Fig. 2. Particolare della catena di contenimento delle dilatazioni realizzata con un binario Vignoles.

 

Della loro presenza è utile fare un breve accenno che dà la quasi certezza che non si tratti delle chiavi originali ma di successive messe in opera più tardi con la gestione della miniera da parte della SAI Ansaldo. Infatti con la chiusura per fallimento nel 1893, ogni attività venne a cessare e riprese, appunto con tale gestione la quale dimostrò di voler dare nuovo impulso alle attività collaterali della miniera, ripristinando l'uso delle antiche fornaci. Proprio a quel periodo debbono riferirsi le chiavi che vediamo oggi ancora in opera sulle pareti della Fortezza ricavate da spezzoni della primitiva ferrovia, disarmata all'epoca del fallimento.

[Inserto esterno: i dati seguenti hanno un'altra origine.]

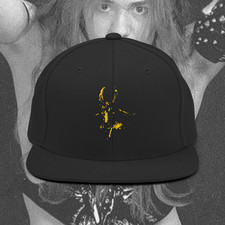Gorra de béisbol Bathory Goat Snapback amarilla pesada negra metal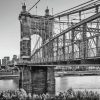 Black And White Roebling Bridge Diamodn Painting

Infatti quella ripristinata dalla SAI Ansaldo aveva caratteristiche diverse, a scartamento intermedio e quindi ridotto rispetto all'originale.
Girando ad occhi aperti durante una giornata triste d'inverno è possibile fare incontri con qualche loquace fantasma del passato il quale, in modo insolito, riesce a raccontare un po' della sua storia che, a rifletterci bene, è anche la storia del luogo in cui attualmente viviamo.